__Work required__: Your response to the data below should hold nothing except the lines from the one containing "Picture of UniQue" down to the one containing "Audi A5 40 TFSI", reproduced exactly and without pictures.

__Materials provided__:

--- START ---

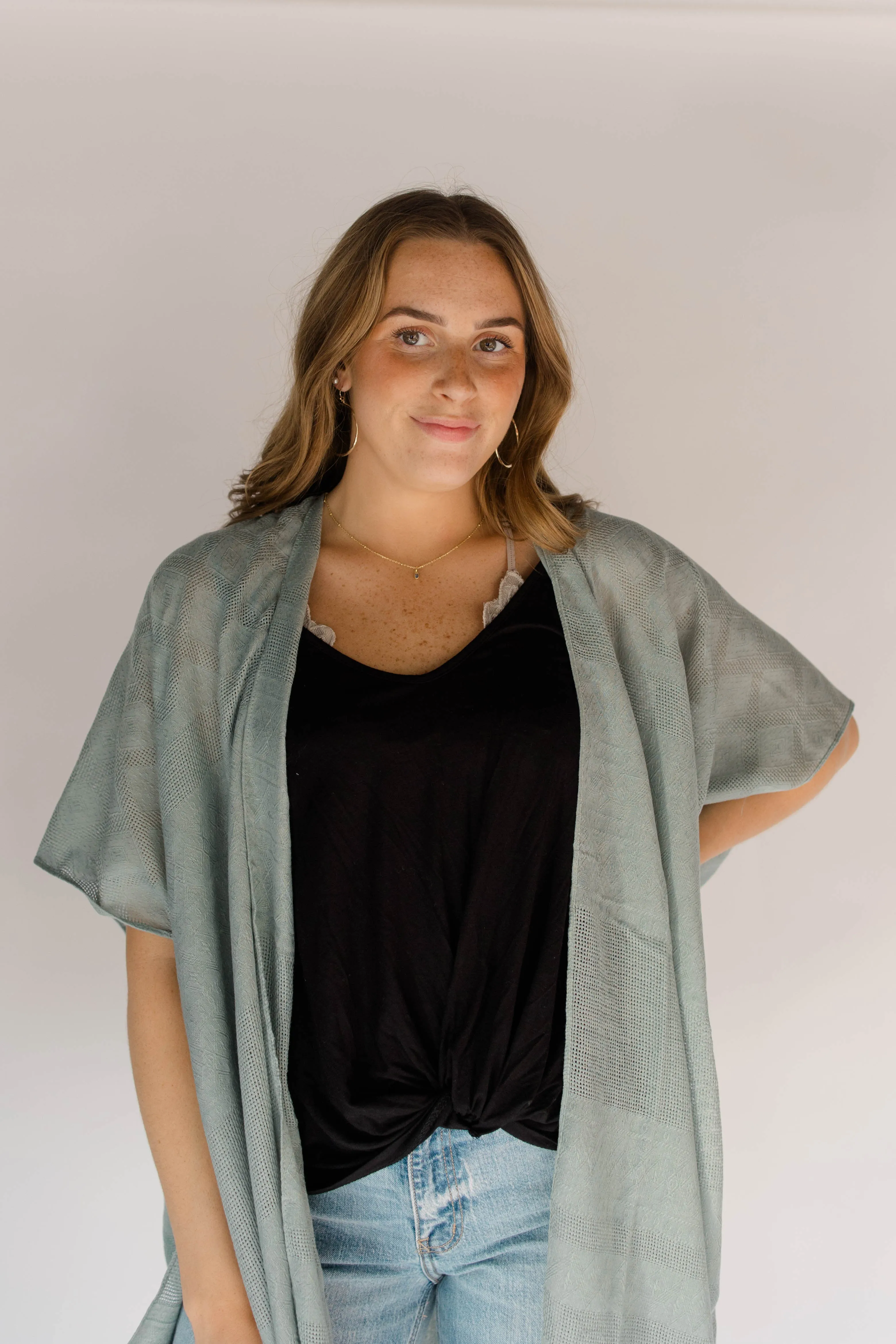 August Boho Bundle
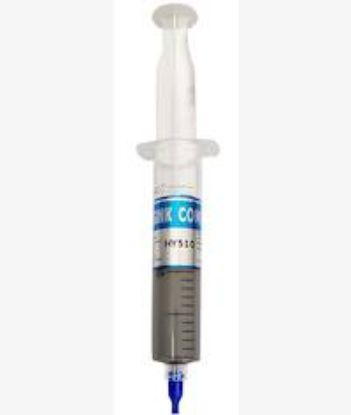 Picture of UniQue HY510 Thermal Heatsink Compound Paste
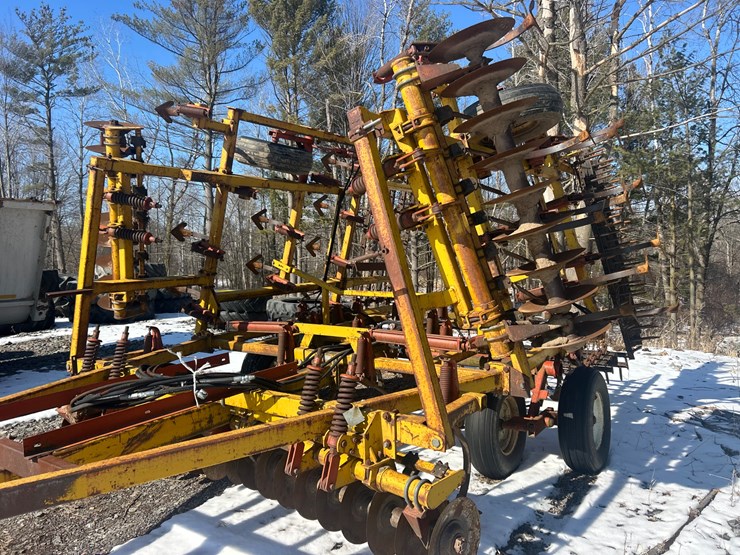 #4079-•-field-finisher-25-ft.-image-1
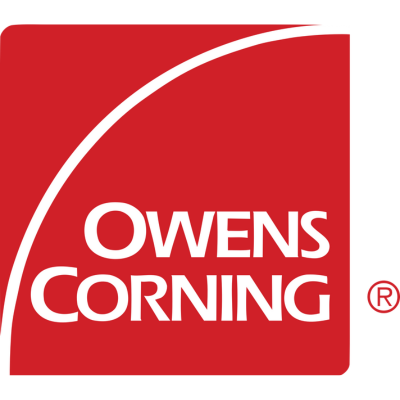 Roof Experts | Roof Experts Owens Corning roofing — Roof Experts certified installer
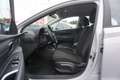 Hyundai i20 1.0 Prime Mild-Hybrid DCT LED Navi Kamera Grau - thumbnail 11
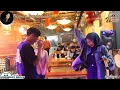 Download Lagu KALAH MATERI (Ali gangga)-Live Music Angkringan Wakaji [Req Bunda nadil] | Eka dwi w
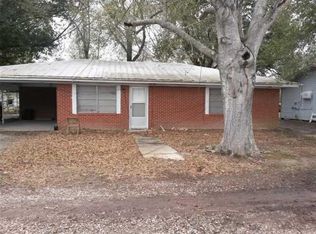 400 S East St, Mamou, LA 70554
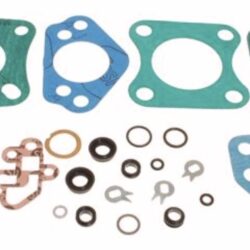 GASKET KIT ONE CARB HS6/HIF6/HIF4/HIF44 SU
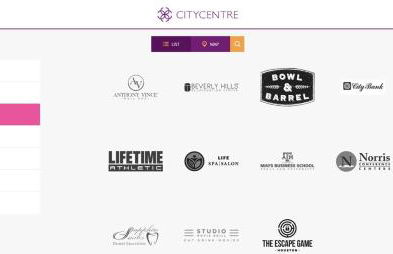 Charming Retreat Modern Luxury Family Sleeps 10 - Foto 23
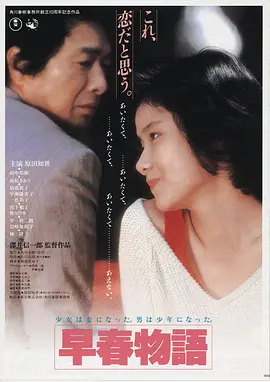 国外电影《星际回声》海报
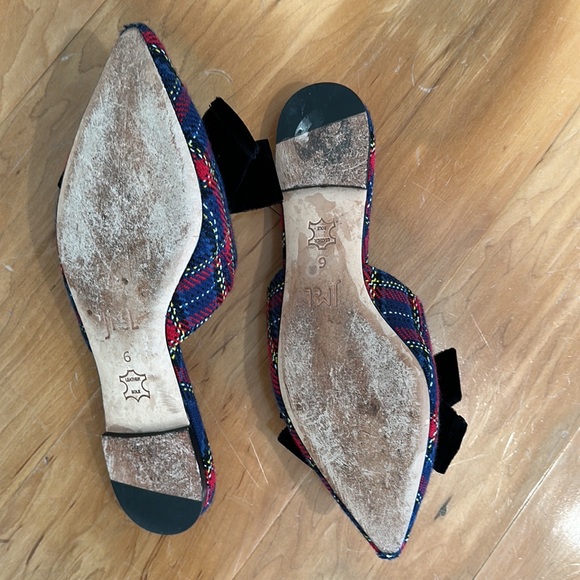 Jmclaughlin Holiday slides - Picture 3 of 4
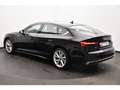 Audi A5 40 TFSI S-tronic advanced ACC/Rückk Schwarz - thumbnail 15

--- END ---
--- START ---

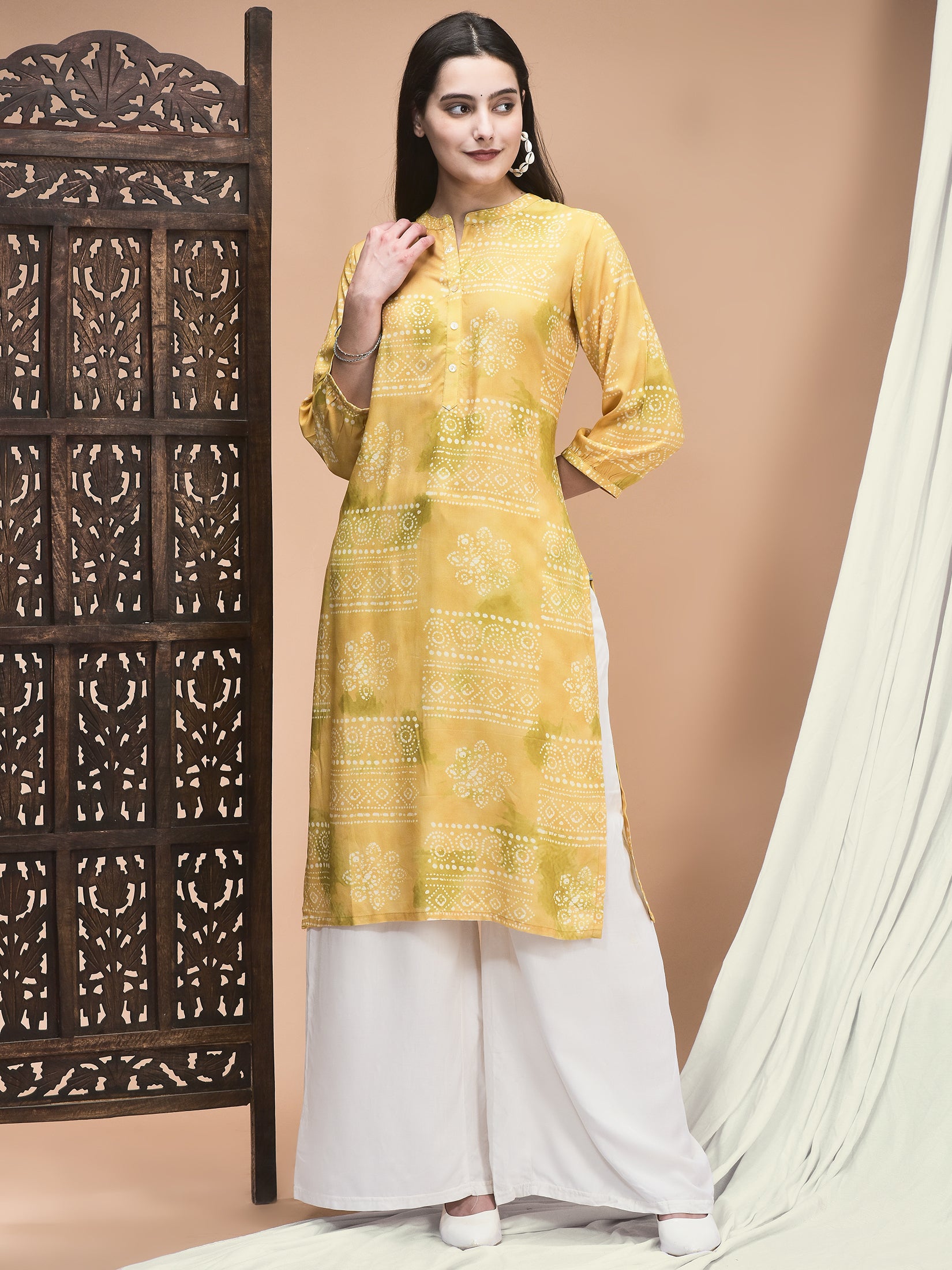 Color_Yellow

--- END ---
--- START ---

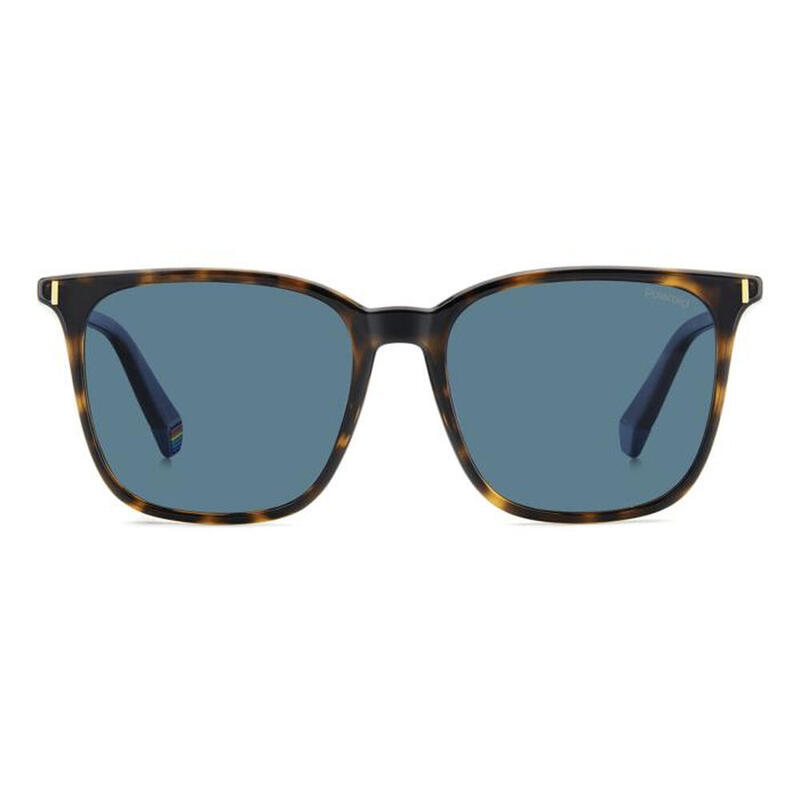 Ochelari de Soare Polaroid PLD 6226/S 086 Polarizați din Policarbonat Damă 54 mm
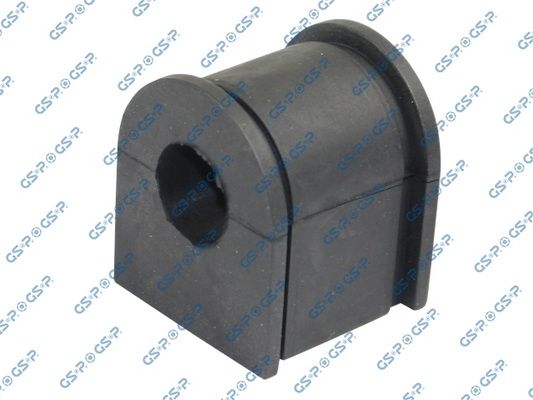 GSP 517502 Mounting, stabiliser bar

--- END ---

__Exercise response__:
 Picture of UniQue HY510 Thermal Heatsink Compound Paste
 #4079-•-field-finisher-25-ft.-image-1
 Roof Experts | Roof Experts Owens Corning roofing — Roof Experts certified installer
 Hyundai i20 1.0 Prime Mild-Hybrid DCT LED Navi Kamera Grau - thumbnail 11
 Download Lagu KALAH MATERI (Ali gangga)-Live Music Angkringan Wakaji [Req Bunda nadil] | Eka dwi w
 400 S East St, Mamou, LA 70554
 GASKET KIT ONE CARB HS6/HIF6/HIF4/HIF44 SU
 Charming Retreat Modern Luxury Family Sleeps 10 - Foto 23
 国外电影《星际回声》海报
 Jmclaughlin Holiday slides - Picture 3 of 4
 Audi A5 40 TFSI S-tronic advanced ACC/Rückk Schwarz - thumbnail 15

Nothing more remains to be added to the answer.